About Andy

I design learning systems for messy real-world environments.

I’m a Sr. Learning Experience Designer focused on learning architecture, workflow-native enablement, scalable onboarding, content systems, and emerging AI-assisted support models. My work blends instructional design, UX thinking, systems strategy, and hands-on prototyping to create learning that feels useful instead of performative.

I also have a long-standing habit of turning “quick ideas” into unnecessarily ambitious side projects and questioning operational decisions that probably should have been left alone.

I love sitting with teams, untangling complexity, and designing systems that help people feel more confident in their work.

How My Brain Works

I naturally gravitate toward complexity, friction, and systems that don’t scale well.

In learning systems. In workflows. In onboarding. In documentation. In operational processes that somehow became “the way we’ve always done it.”

I question unnecessary complexity

If something takes 14 clicks, three approvals, and a PDF nobody reads, my brain immediately starts redesigning it whether I wanted to or not.

I like building ideas

I rarely leave concepts as slides or diagrams. I usually prototype them, which is both professionally useful and occasionally terrible for my sleep schedule.

Working With Me

Strategic when needed. Practical when it matters.

I like thoughtful strategy, clean systems, and big-picture conversations. I also like shipping work that actually helps people, because eventually someone has to stop naming the initiative and build the thing.
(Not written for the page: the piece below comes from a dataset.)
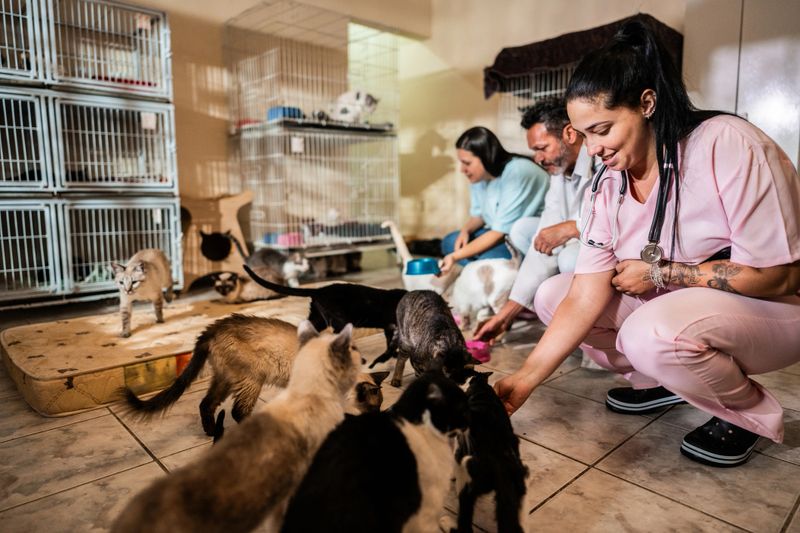 Veterinarians feeding cats at an animal shelter
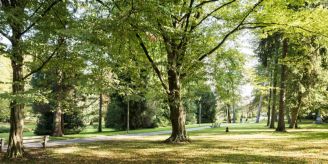 Gemeinde - Schneisingen nimmt am Projekt «Natur findet stadt» teil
I work best with teams that value clear thinking, useful design, honest feedback, and just enough creative tension to make the work better without turning every meeting into a hostage situation.

01

I ask a lot of “why are we doing it this way?” questions.

03

I believe good learning should make people feel capable, not trapped in compliance purgatory.

Currently Exploring

A few things occupying my brain lately.

Workflow-native enablement

Exploring how support systems can move closer to the actual moment of need instead of living in disconnected learning portals nobody remembers exist.

Product-inspired learning UX

Prototyping interaction patterns that borrow more from modern apps and operational tooling and less from traditional eLearning templates from 2009.

Final Thought

I don’t think learning teams are just building courses anymore.
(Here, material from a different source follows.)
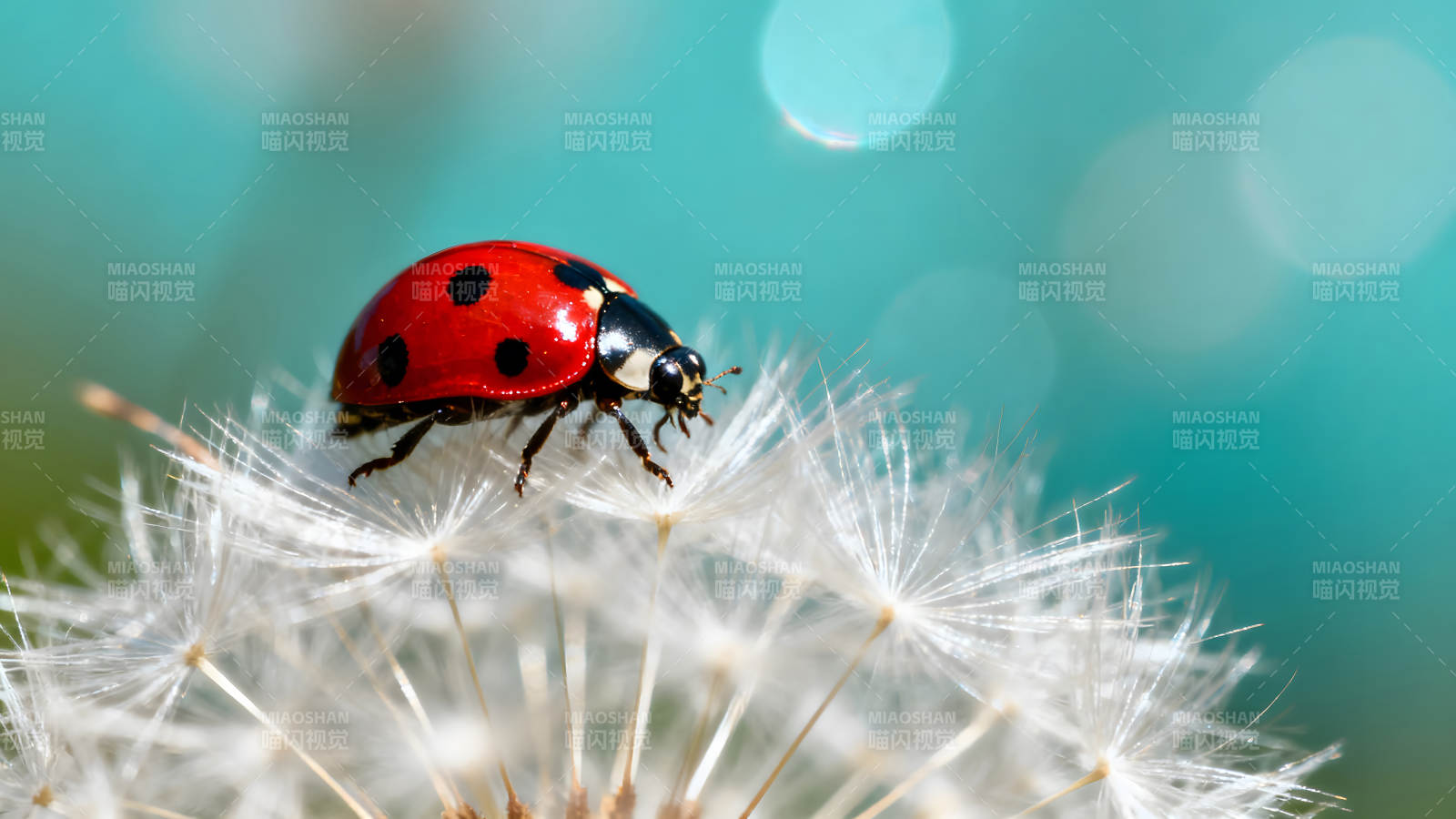 瓢虫栖息蒲公英上背景柔和色彩鲜艳图片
I think we’re designing operational support ecosystems — systems that help people navigate complexity, reduce friction, build confidence, and perform more effectively in fast-moving environments.

That shift is what keeps me interested in the work.

Also, if there’s a cleaner workflow, a better interface, or a smarter system somewhere nearby, there’s a very good chance I’m already sketching ideas for it in my head instead of paying attention during the meeting.